Grant Sander: Yeah, this for our case, this was exhaustive. We didn’t have anything outside of PNGs JPGs, SVGs, GIFs, [00:36:00] WebPs. Theoretically it’s not exhaustive. There’s other image formats that could have been in there. And so for our case it was good enough. But like you would probably, like if you were using, what are some other image formats?

Jen Brissman: AVIFs…

Grant Sander: Other some other images. You might also wanna include those in there. But we had, just the vanilla image format, so it was a little easier for us. But yeah, this, you would wanna update this to cover all of your image extensions.

Jen Brissman: And I guess you wrote the logic anyway, that if something were to break, it would stop and have saved that batch. So there you go.

Grant Sander: Yeah. Yeah. And we’ll, the next script is actually like validating that images didn’t break. And so I had a little bit of a fallback in case, we had an oopsie.

Jen Brissman: Yeah. Cool.

Sam Brace: A couple I’m ask you about here and I think you’re highlighting it, so yeah, we’re saying the same thing or Grant, but yeah. So talk to me about your decision to add f_auto and q_auto to this overall process. Cause I, [00:37:00] obviously, I know what f_auto, q_auto is. You know. Jen knows. But talk to me about your decision making on what and why you decided to add those transformations.

Grant Sander: Yeah. So with Cloudinary’s image URL transformation syntax, you can pass in these transformation parameters that transform the image.

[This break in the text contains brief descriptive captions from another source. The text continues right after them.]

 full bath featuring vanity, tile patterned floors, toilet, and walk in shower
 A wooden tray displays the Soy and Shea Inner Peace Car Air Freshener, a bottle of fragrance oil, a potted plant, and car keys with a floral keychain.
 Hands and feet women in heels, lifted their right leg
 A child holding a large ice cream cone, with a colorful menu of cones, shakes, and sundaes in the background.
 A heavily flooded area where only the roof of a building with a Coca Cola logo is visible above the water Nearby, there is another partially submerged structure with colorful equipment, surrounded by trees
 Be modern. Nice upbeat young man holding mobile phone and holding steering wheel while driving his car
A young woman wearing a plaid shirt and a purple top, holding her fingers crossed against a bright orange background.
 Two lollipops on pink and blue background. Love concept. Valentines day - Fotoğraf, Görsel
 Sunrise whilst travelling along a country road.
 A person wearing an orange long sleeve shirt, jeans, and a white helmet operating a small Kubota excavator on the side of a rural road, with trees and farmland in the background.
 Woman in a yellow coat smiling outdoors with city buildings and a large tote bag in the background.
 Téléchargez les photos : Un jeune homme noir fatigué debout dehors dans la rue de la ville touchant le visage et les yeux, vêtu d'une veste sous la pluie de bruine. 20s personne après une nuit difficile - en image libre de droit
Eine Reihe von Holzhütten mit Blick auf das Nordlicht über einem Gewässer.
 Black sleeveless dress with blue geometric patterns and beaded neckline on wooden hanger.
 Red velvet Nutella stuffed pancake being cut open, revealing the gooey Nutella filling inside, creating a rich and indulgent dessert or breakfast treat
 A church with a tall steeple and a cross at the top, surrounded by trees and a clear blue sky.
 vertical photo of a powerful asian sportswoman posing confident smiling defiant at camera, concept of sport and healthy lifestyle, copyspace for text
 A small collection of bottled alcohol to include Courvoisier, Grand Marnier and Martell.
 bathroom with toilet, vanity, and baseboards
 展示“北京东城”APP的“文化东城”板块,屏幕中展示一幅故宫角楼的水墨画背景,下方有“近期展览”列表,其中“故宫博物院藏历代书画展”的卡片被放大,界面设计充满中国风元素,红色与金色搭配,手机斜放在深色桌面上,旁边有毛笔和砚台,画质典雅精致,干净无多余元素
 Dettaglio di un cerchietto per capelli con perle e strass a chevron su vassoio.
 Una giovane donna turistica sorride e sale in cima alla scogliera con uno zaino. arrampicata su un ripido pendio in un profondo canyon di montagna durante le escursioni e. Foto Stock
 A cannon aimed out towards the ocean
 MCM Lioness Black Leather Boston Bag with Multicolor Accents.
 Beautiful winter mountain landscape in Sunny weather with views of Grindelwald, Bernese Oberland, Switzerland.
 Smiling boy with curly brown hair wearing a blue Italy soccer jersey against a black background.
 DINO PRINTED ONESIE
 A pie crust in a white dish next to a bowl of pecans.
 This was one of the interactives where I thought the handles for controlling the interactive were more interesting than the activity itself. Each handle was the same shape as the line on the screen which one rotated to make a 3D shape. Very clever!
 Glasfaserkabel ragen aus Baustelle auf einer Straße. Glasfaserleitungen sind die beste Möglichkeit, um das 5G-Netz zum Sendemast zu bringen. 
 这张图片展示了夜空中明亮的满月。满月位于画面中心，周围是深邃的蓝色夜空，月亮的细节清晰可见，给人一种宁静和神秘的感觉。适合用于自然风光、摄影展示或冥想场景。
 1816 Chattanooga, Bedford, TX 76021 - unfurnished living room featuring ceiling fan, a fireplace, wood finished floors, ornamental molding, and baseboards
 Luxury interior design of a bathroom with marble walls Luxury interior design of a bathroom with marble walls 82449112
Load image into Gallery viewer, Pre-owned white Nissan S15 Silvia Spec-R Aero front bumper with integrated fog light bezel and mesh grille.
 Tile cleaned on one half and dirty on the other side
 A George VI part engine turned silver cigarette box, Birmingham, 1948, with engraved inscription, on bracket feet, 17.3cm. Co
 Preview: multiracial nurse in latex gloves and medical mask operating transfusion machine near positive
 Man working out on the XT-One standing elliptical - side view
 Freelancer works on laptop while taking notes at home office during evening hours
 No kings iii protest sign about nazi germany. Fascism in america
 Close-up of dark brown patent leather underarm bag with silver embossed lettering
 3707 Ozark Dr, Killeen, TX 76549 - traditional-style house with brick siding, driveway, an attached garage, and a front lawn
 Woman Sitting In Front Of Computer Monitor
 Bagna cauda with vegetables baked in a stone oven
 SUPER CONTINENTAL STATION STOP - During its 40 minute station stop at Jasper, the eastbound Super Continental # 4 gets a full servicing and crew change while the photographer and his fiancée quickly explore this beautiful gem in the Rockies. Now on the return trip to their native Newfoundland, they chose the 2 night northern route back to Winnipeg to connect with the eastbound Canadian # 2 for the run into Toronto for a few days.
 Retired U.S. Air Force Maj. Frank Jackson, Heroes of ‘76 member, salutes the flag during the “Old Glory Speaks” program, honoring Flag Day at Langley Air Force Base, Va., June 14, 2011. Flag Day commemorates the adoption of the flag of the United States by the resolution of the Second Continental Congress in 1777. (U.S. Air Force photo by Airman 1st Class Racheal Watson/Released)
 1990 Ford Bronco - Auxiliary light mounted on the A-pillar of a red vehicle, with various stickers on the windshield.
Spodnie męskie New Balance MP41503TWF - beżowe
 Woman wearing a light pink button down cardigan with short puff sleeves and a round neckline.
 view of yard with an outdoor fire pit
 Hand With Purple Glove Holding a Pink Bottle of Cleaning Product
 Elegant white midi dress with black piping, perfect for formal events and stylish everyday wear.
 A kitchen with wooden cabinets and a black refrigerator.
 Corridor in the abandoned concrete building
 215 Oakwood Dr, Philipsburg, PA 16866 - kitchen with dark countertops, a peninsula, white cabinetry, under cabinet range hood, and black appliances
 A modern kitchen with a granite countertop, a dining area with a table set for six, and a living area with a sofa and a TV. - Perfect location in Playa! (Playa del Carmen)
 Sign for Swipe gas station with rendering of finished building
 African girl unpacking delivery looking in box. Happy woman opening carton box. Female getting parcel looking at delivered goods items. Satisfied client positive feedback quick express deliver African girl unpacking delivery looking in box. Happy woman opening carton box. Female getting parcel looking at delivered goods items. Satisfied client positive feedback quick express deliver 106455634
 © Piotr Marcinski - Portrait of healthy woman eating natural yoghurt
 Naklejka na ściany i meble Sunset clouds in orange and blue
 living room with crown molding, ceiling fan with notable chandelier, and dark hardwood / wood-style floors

So if you left out this part here, we deleted this part out, Cloudinary is just gonna serve you back the original image asset. And that’s okay, but we mentioned earlier that a lot of times serving up an original image is not the most optimized, it’s almost never the most optimized solution.

Sam Brace: Correct.

Grant Sander: Cloudinary, this is one of the things that I think makes Cloudinary so powerful, and makes this sort of thing low hanging fruit, is this f_auto parameter is auto format, which says, “Hey, your browser requests the image, Cloudinary looks at information about the requesting browser, says what’s the best image format to use for this browser?”

So if it’s Chrome, it’s probably gonna be like an AVIF. If you are [00:38:00] like, for some reason on Internet Explorer 11 or something like that, it’s gonna choose something else that’s not a next gen because you’re using a 20 year old, 10 year old, browser. And it just serves the best one. So this is, you don’t have to think about it.

Cloudinary’s magic just serves the best format for you. So that’s nice because now you don’t have to specify and you don’t even really have to care too much about the original image extension. You just say, “Hey, Cloudinary, gimme the best one. Whatever. We trust you to give us the best one.”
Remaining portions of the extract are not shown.